Within the listing that follows, reproduce exactly the lines starting at the line with "2,639 証明書アイコン High" and ending at the line with "alba vukaj 98483095345", inclusive, and only those. Pictures are dropped.

Records supplied:
◆ ◆ ◆ ◆ ◆

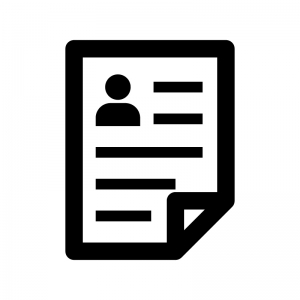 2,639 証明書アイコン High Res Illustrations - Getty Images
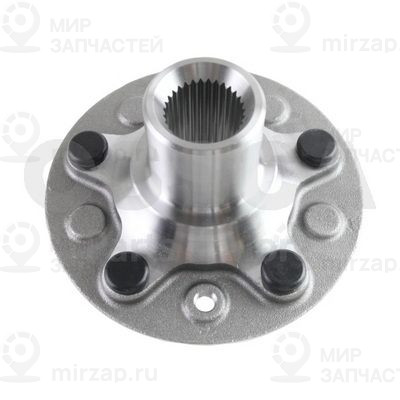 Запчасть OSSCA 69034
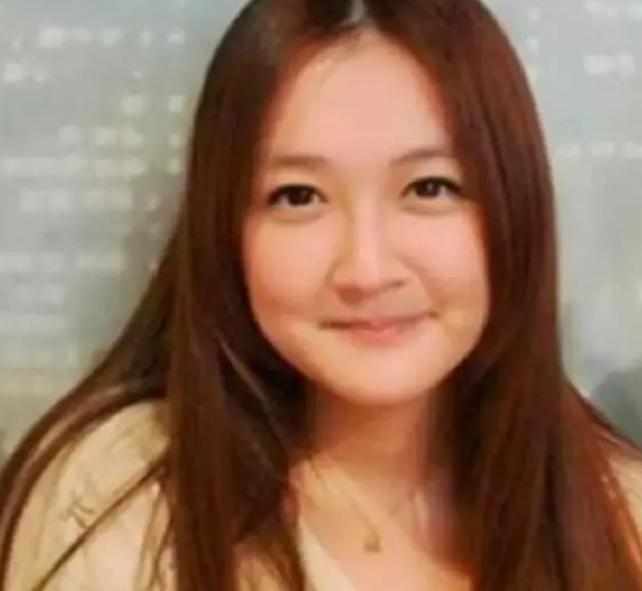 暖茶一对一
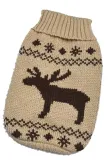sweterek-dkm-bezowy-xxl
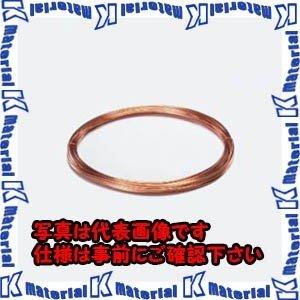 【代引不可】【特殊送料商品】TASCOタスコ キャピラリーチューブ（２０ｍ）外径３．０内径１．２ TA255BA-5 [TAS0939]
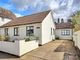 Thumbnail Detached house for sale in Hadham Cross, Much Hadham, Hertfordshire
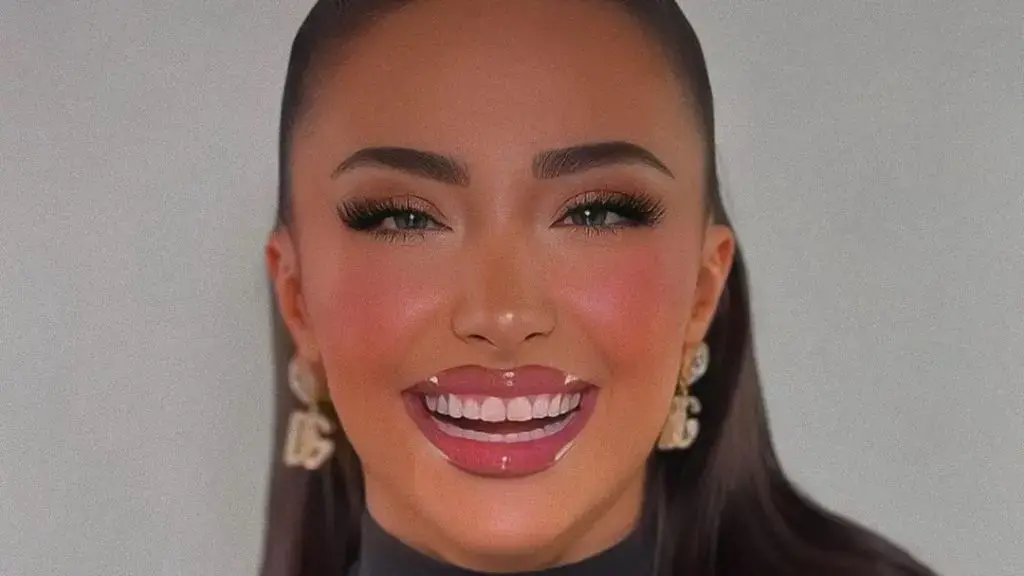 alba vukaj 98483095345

◆ ◆ ◆ ◆ ◆

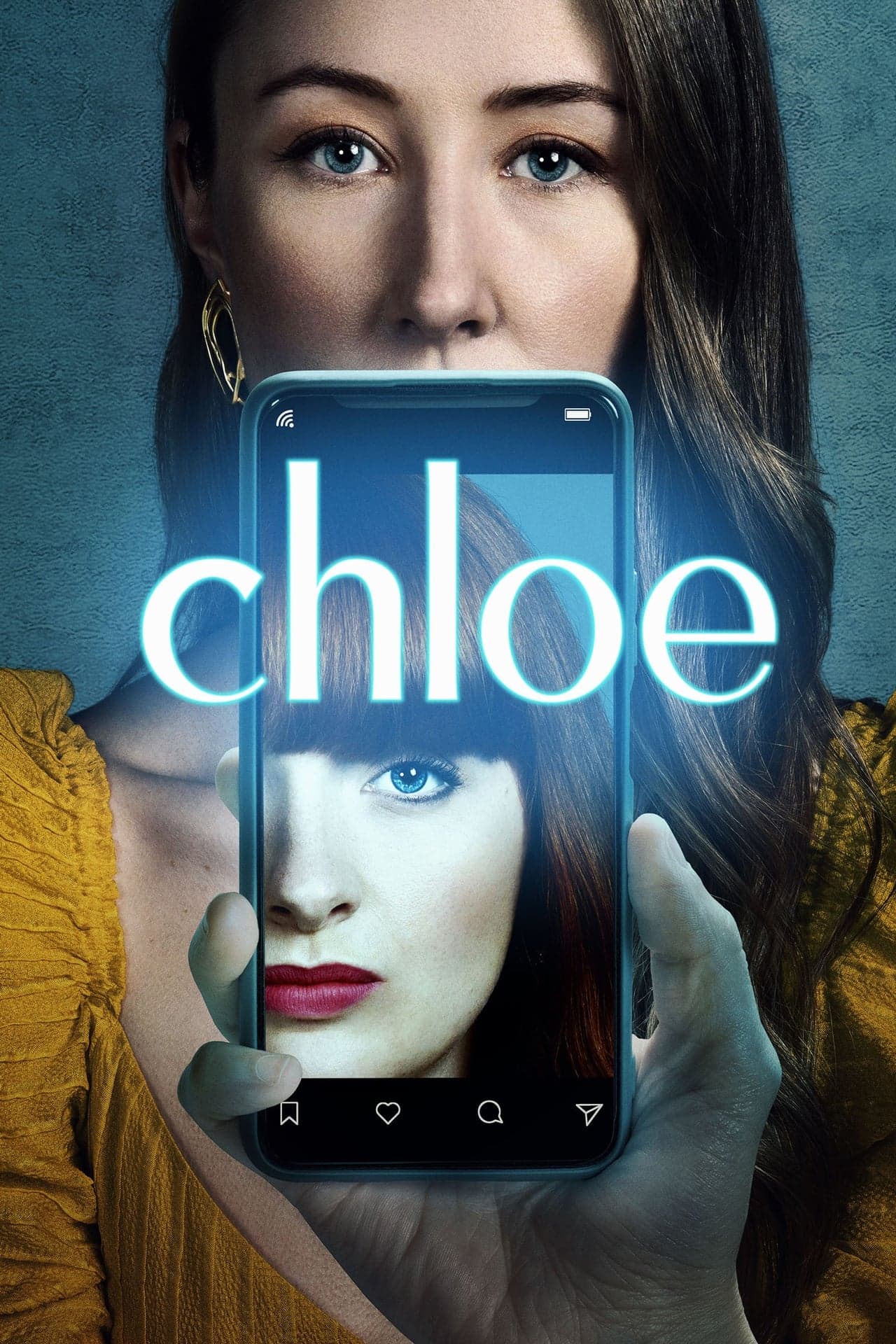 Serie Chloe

◆ ◆ ◆ ◆ ◆

Answer for this exercise:
 2,639 証明書アイコン High Res Illustrations - Getty Images
 Запчасть OSSCA 69034
 暖茶一对一
sweterek-dkm-bezowy-xxl
 【代引不可】【特殊送料商品】TASCOタスコ キャピラリーチューブ（２０ｍ）外径３．０内径１．２ TA255BA-5 [TAS0939]
 Thumbnail Detached house for sale in Hadham Cross, Much Hadham, Hertfordshire
 alba vukaj 98483095345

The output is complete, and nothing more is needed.